* _ACTIVITY_: Please retype, word for word, the line containing "Cheeky Bird Hanging" and every line after it through the end of the records, leaving out all pictures.

(Recorded data)
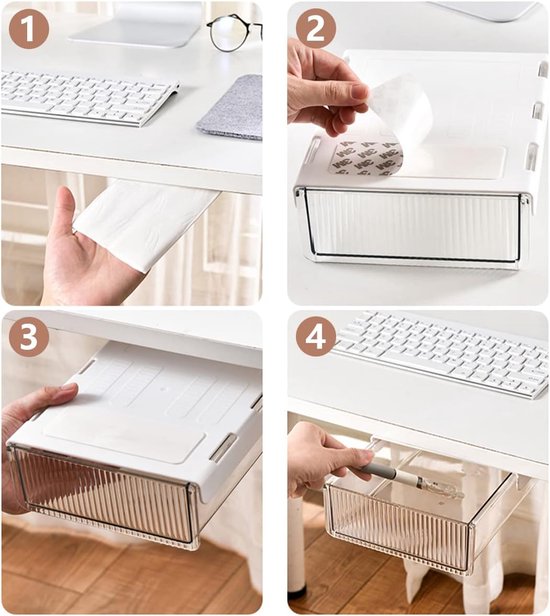Lot De 2 Tiroirs Autocollants Sous Bureau NA - Organiseur Invisible Pour Crayons Et Accessoires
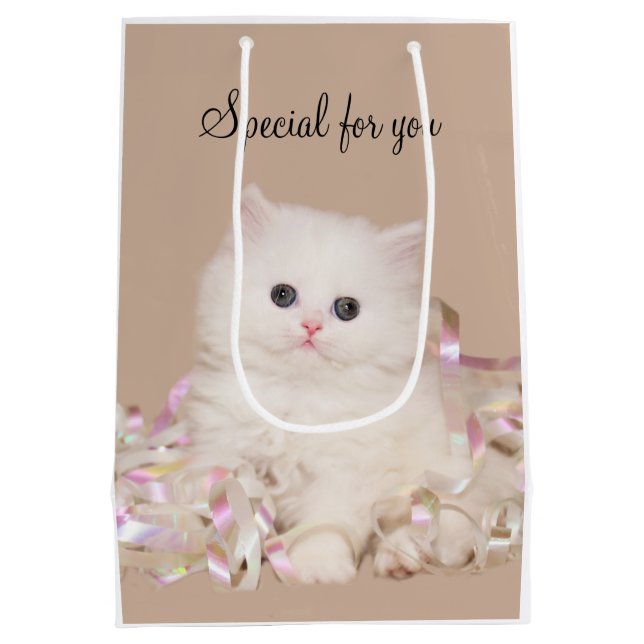 Bolsa De Regalo Mediana Gatito blanco (Reverso)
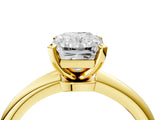 Yellow gold Radiant Solitaire Diamond Ring with Six-Prong Setting on a Classic Band 4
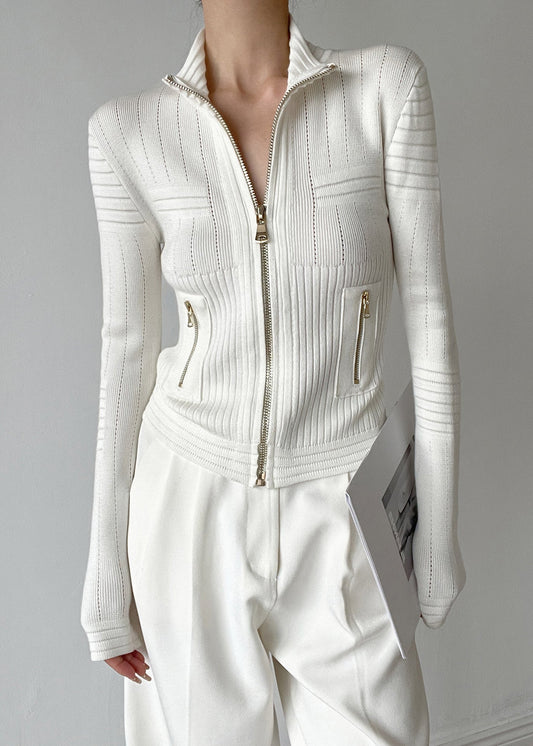 White Stand Collar Zip Up Patchwork Woolen Knit Cardigans Winter Rv036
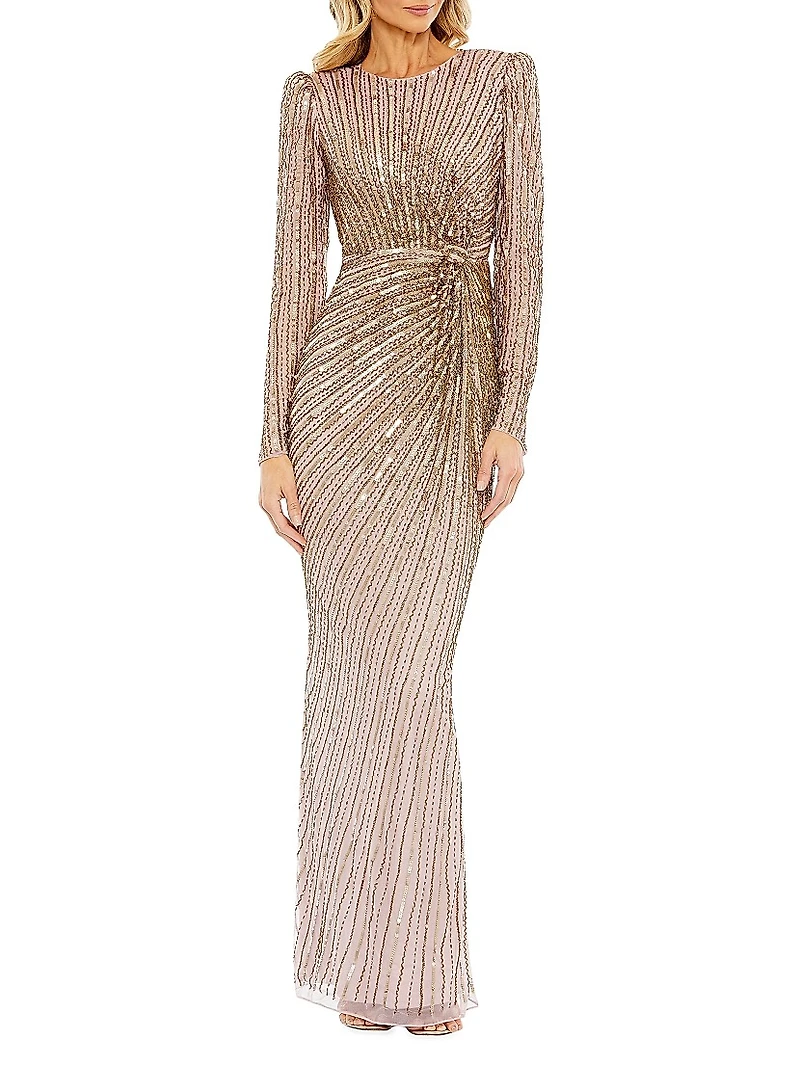 Embellished Knotted Column Gown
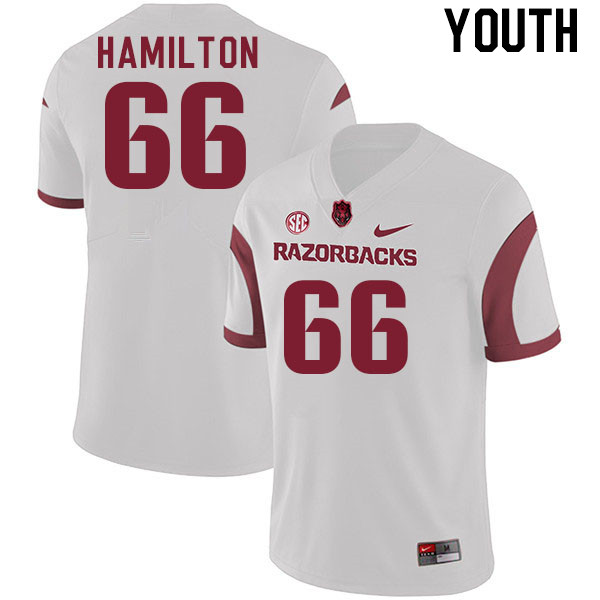 Youth #66 Kai Hamilton Arkansas Razorback College Football Jerseys Stitched Sale-White - Click Image to Close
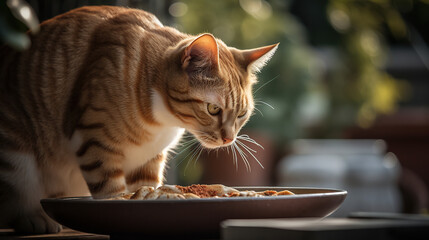 Feeding food to hungry chubby lovely cat or pet and stand up to waiting, generative ai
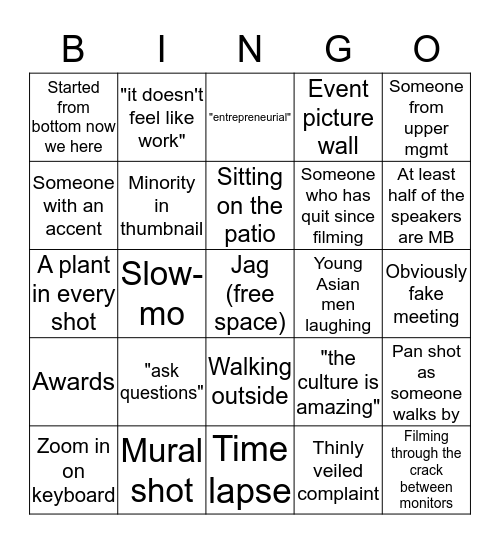 CF Culture Video Bingo Card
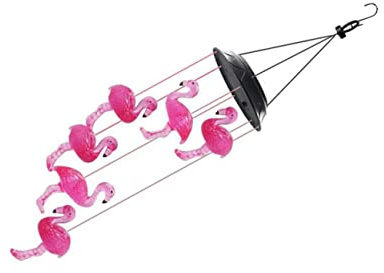 Happyyami Solar Windspiellampe Flamingo Hängelampe Für Garten Terrasse Fenster Solarbetriebenes Gartendeko Licht Romantische Outdoor Beleuchtung 35.43X4.92X4.92In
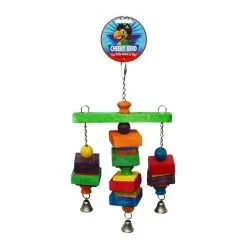 Cheeky Bird Hanging Tri-Bell Wooden Bird Toy Medium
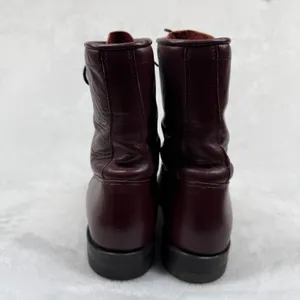 Justin L510 Burgundy Leather Lace Up Roper Boots Kiltie Fringe USA Made‎ 7B thumbnail 5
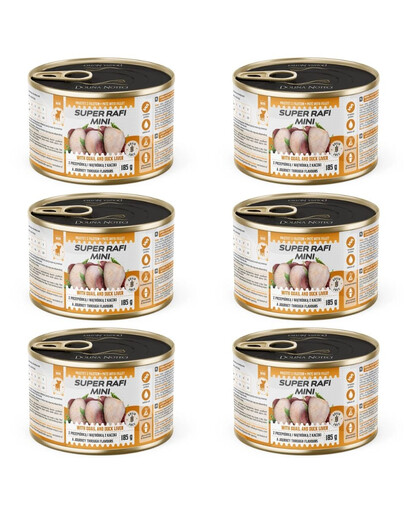 SUPER RAFI Mini z przepiórką i wątróbką z kaczki 6x185g mokra karma dla psów małych ras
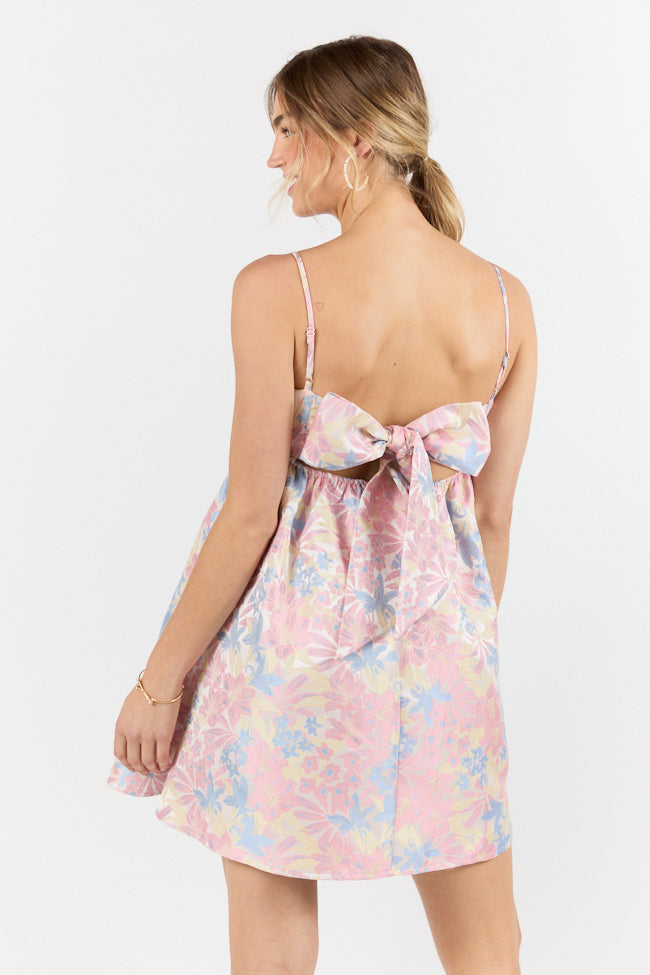 April Showers Multi Jacquard Printed Mini Dress - Floral Summer Dress for Women, Party & Beach Wear, Casual Day Outfit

* _FINAL ANSWER_:
 Cheeky Bird Hanging Tri-Bell Wooden Bird Toy Medium
 Justin L510 Burgundy Leather Lace Up Roper Boots Kiltie Fringe USA Made‎ 7B thumbnail 5
 SUPER RAFI Mini z przepiórką i wątróbką z kaczki 6x185g mokra karma dla psów małych ras
 April Showers Multi Jacquard Printed Mini Dress - Floral Summer Dress for Women, Party & Beach Wear, Casual Day Outfit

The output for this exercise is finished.